Un algorithme dédié à l’étude des étoiles pour sonder les entrailles de la Terre

La limite du noyau terrestre se trouvant à quelque 2 900 kilomètres sous la surface de la Terre, les scientifiques sont obligés de faire preuve de créativité afin de sonder les entrailles de notre planète. En étudiant la façon dont les tremblements de terre et les secousses sismiques se propagent à travers différents types de matériaux, les sismologues ont pu établir une cartographie globale de sa structure, révélant la présence d’imposants blocs de matériaux brûlants, pouvant faire la taille d’un continent, à la frontière entre le noyau et le manteau terrestre.

La chaleur provoquant des degrés de fusion plus importants, ces zones ont pour effet de ralentir la vitesse de propagation des ondes sismiques en direction du noyau terrestre, elles sont donc connues sous le nom de « zones de vitesse ultra basse ». Bien que l’on ignore encore la nature de ces structures (il pourrait s’agir de magma ou de fer en fusion s’échappant du noyau), une meilleure connaissance de leur emplacement permettrait aux scientifiques de mieux comprendre les processus géologiques intervenant à de telles profondeurs.
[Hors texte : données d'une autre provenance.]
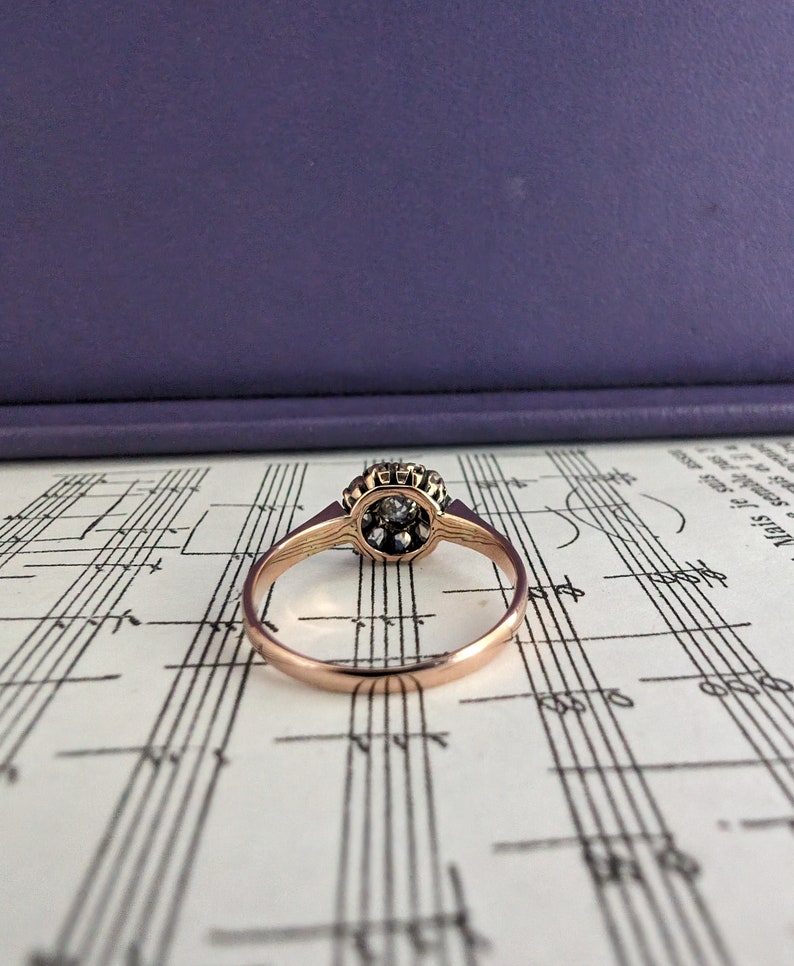 Antique 18K Rose Gold Diamond Ring Edwardian 18K Gold Diamond Daisy ...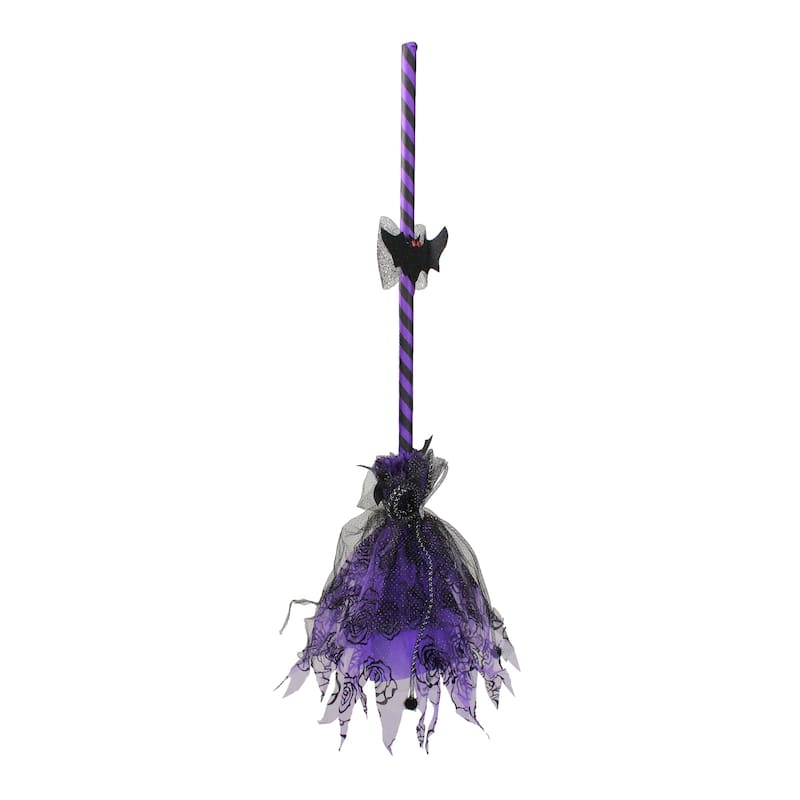 29" Purple and Black Striped Animated Witches Halloween Broom with Bat Accents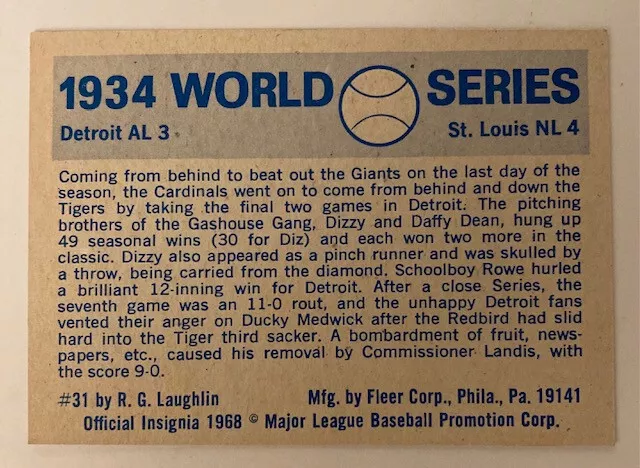 3 Card Lot 1968 Fleer World Series Cardinals Tigers Cubs As Red Sox 3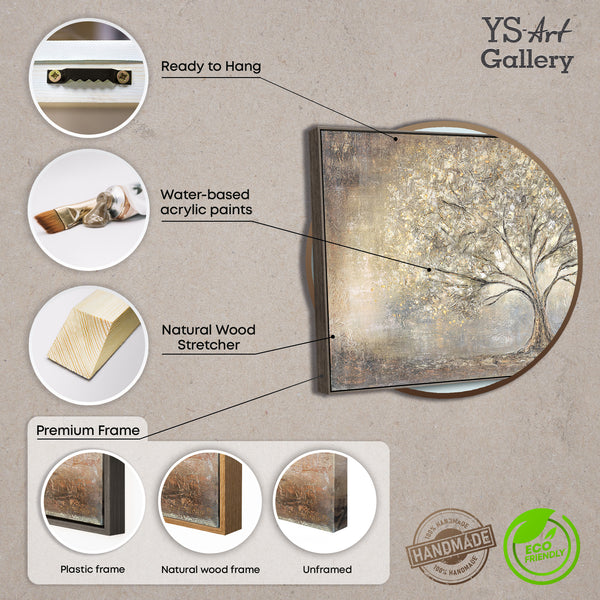 Painted pictures landscape "Gold Tree" with frame modern pictures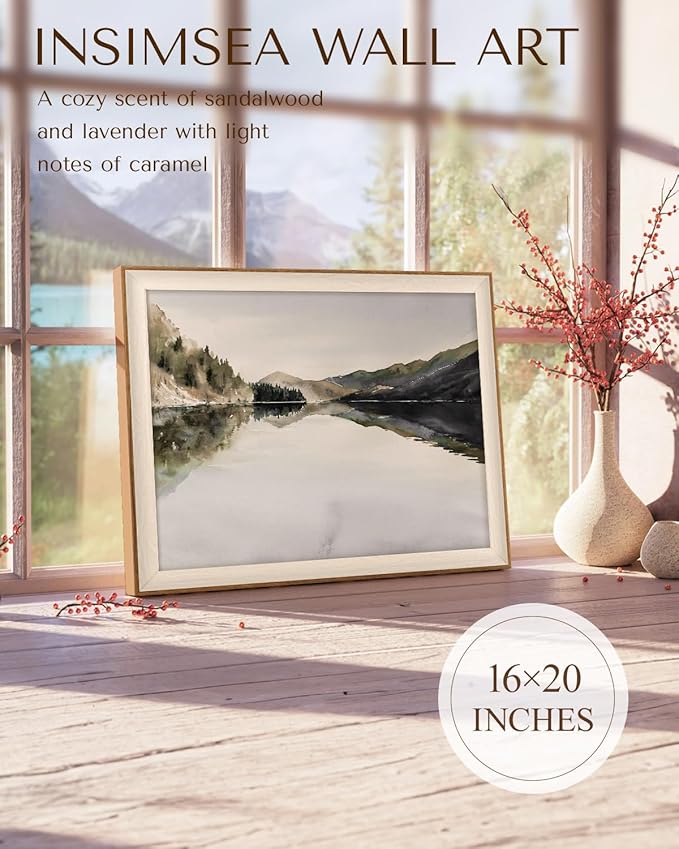 InSimSea Framed Canvas Wall Art Mountain Reflection Decor Vintage Nature Wilderness Art Decorative Rustic for Living Room, Bedroom, Office 16x20In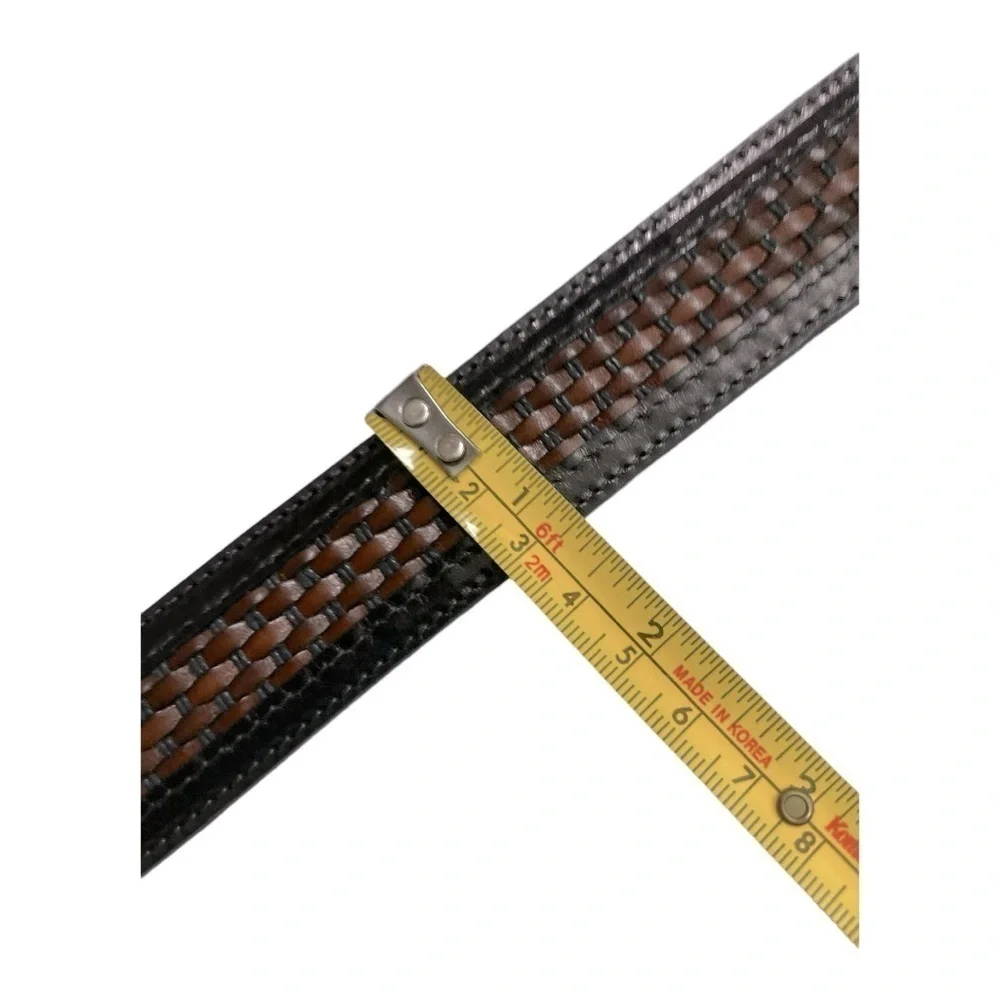 Johnston & Murphy Aniline Kipskin Shoulders Brown Leather Belt 5 Holes Size 34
Cependant, l’approche classique pour étudier les tremblements de terre ne fournit que des bribes d’informations : chaque tremblement de terre ne sonde qu’une zone étroite, et les signaux les plus faibles peuvent se perdre dans le bruit plus large. Afin de contourner ce problème, une équipe internationale de chercheurs, dont les travaux ont été présentés dans la revue Science, s’est appuyée sur le Sequencer, un algorithme conçu pour l’étude des étoiles et capable de parcourir de grands ensembles de données astronomiques dans l’optique de dégager des modèles scientifiques.

Des structures massives

Après l’avoir modifié, les chercheurs l’ont alimenté avec près de trois décennies de données sismiques, soit environ 7 000 sismogrammes d’un type particulier d’onde, afin d’identifier des échos sismiques indiquant la présence de zones de vitesse ultra basse qui auraient pu ne pas être détectées par les recherches précédentes.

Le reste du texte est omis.